The more distractions available…
- new toys at a playdate
- art supplies at a children’s museum
- frogs, lizards, and horned toads in a garden
…the less likely it would be that I’d remember on my own to take a bathroom break.
A couple of my children struggled early on with that same tendency, but I can assure you that we all eventually outgrew it! 🙂
In the meantime, here are a few suggestions that may help:
- Provide frequent reminders.
This will be especially important when you are out and about, experiencing new things. If you tend to get distracted yourself (like I do), set a timer on your watch or phone to help you remember. Your child’s bladder is smaller than yours, so you can’t just wait until you need to go yourself before prompting your child to do so. He will likely need more potty breaks than you do.
- Focus on successes.
Instead of zeroing in on the occasional accidents, keep track of all the days your child stays dry. (Or if his accidents are happening daily, track all the hours he stays dry). Encourage the good as much or more than you correct the bad. I’ve designed a couple of potty-training charts that might help (scroll to the bottom of this post to download the free printables).
- Always be prepared.
Make peace with the fact that accidents may happen, even long after you thought you’d be done with all that. Keep at least 2 changes of clothes in your car at all times. If your children are close in size, you needn’t pack a whole closet — pack generic outfits that would work for either sex in large-enough size to fit the bigger child, and let those serve as backup for both.
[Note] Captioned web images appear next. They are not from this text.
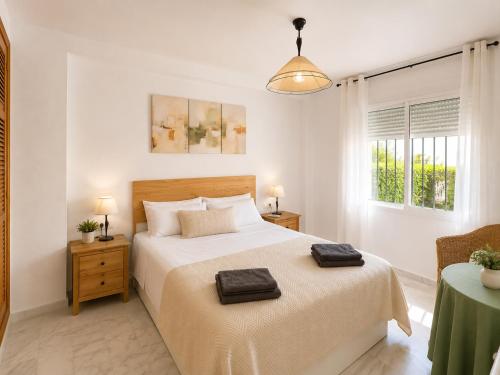 Torremolinos Sea View Townhouse, Pool, BBQ & Workspace - Magnolia Properties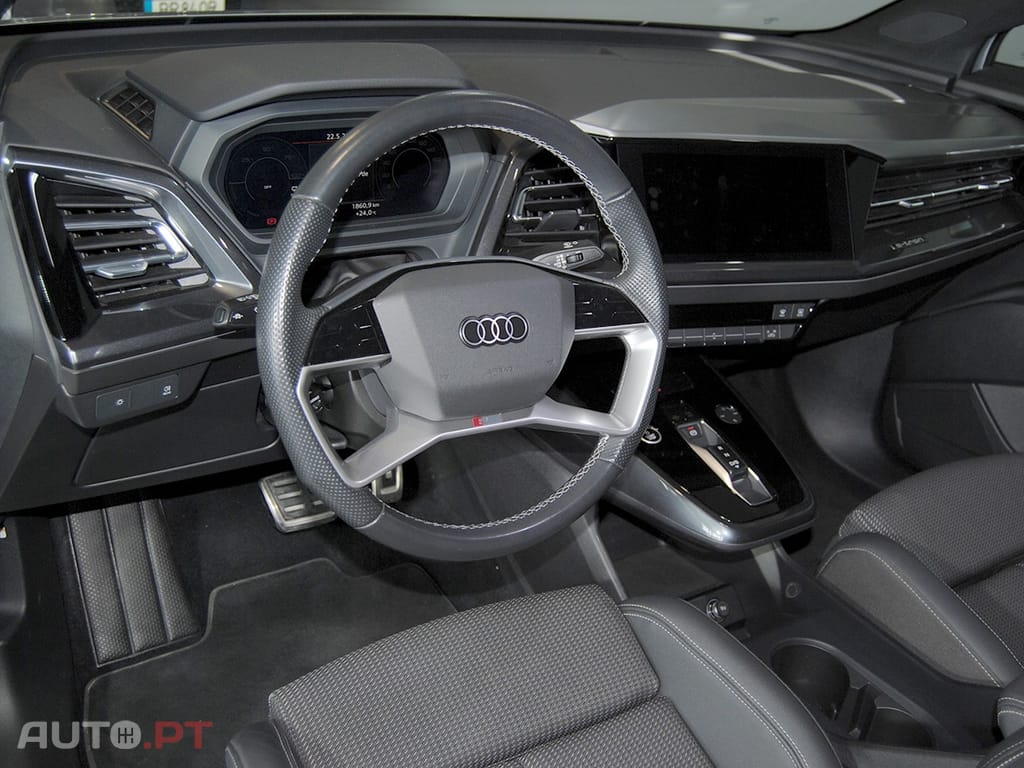 Audi Q4 E-Tron 45 82 kWh SE Business Plus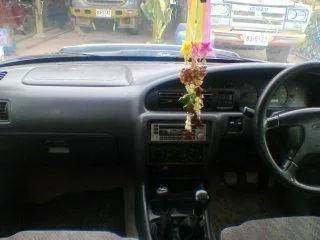 ขายฟอร์ดโฟร์วิลสี่ประตูงามๆ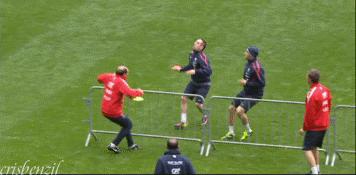 足坛15大诡异进球gif,足坛搞笑gif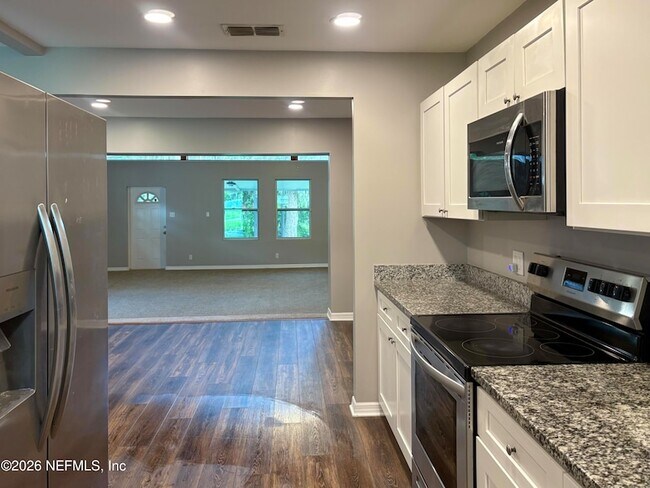 Building Photo - 7018 Bonnie Brae Ln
- Understand medical issues.
If your child has started having frequent accidents after a long period of potty-training success, it could signal an underlying and even life-threatening health issue. Frequent urination is a tell-tale sign of Type One diabetes (other signs include excessive hunger, excessive thirst, nausea, and weight loss).
This is exactly what happened to us when our firstborn was almost two. He had been doing very well with daytime training, but then got sick and couldn’t stay dry to save his life. It took several trips to the doctor before an accurate diagnosis was made (it was much more unusual twenty-five years ago for such young children to contract Type One diabetes than it is today). So if there is any question that something of that nature might be going on, please have it checked out ASAP.